Given our city’s longtime fascination with all things brown, it was inevitable the day would come when we would have a Kentucky Derby horse named Big Brown. This animal is named for UPS, our city’s leading employer, and will take an unbeaten record – three wins in three starts – into the 133rd Derby on Saturday May 3.
I guess his credentials are good enough to get him an invitation to the ultra-snooty Barnstable-Brown Party, although he might need a good word from Owsley Brown, Phyllis George Brown or Bad, Bad Leroy Brown to merit a canter down the red carpet. (Red? How in the hell did red get in here?)
I’d recommend that his owners stay at the Brown Hotel, which was built and operated by the philanthropist and horse owner J. Graham Brown, a statue of whom is right outside the hotel’s entrance. He ran two utterly unremarkable horses in the Derby, Snuzzle finishing 15th to Count Turf in 1951 and On the Metal struggling home 10th to Carry Back a decade later.
Over the years many horsemen and sports writers have stayed at the Brown, including Ralph Lowe, who dreamed the night before the 1957 that jockey Bill Shoemaker would cost his Gallant Man the Derby by misjudging the finish line. The next day, that’s exactly what happened.
If the owners don’t fancy the Brown, perhaps they have the connections to get into that relatively new avant-garde joint on Main Street that’s owned by Laura Lee Brown and her husband, Drew “Bundini” Brown.

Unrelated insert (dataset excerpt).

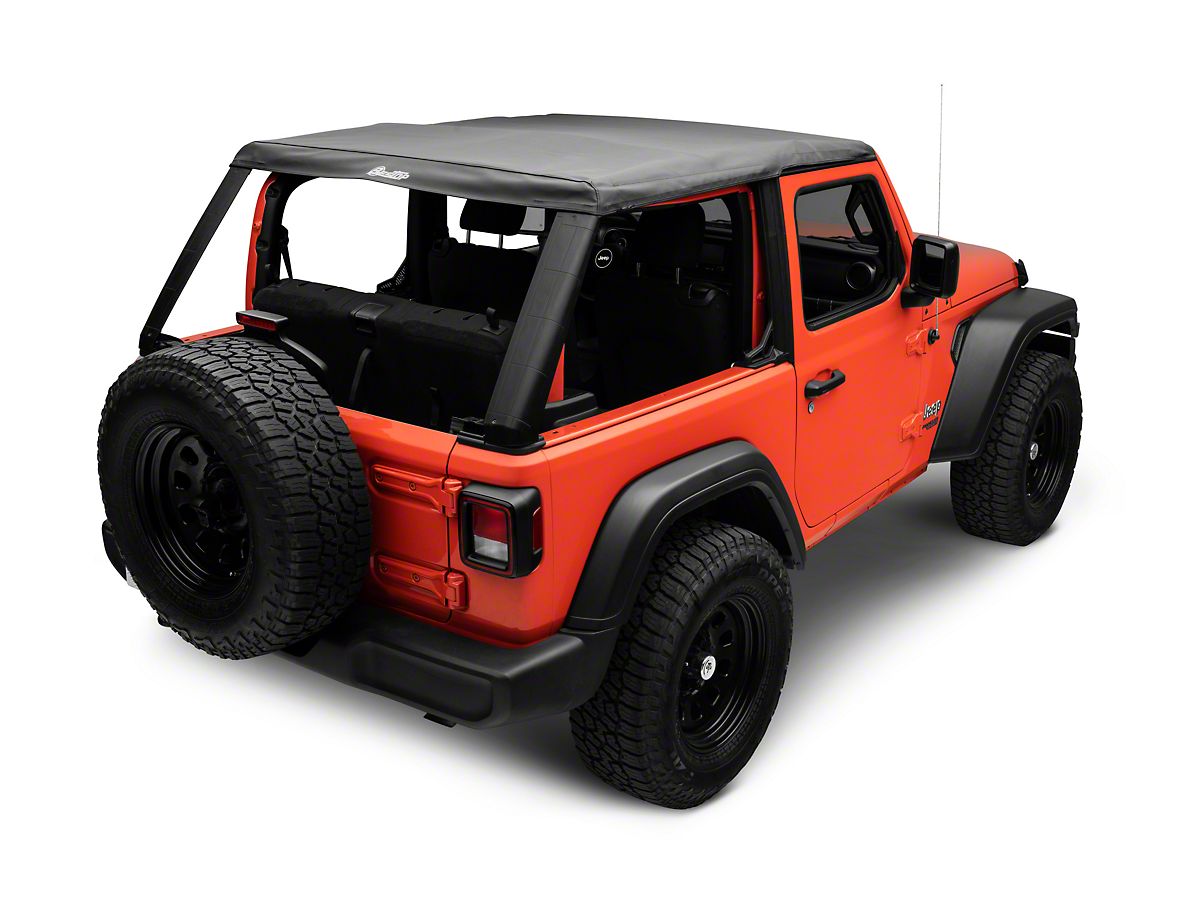 Bestop Trektop NX Soft Top; Black Diamond (18-24 Jeep Wrangler JL 2-Door)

Wait a minute. That’s not right. Bundini was Muhammad Ali’s sidekick, and he’s one of the featured attractions at the museum on Main Street that houses Owsley Brown Frazier’s weapons and armor collection.
Ooops! Wrong again. Getting our Browns mixed up here. Thank heavens the baseball player who used the first bat manufactured by Hillerich & Bradsby was Pete Browning. Had he been Pete Brown, we’d be in even more do-doo than we already are.
You get the point. Louisville is Brown Town, U.S.A. If cities could be identified by color, New York might be a bold blue, Miami a hot pink, Atlanta a sizzling red, Chicago an iron gray, and Los Angeles a rainbow coalition. But Louisville is brown. Good, old solid brown. Not too bold, not too dull. Just brown.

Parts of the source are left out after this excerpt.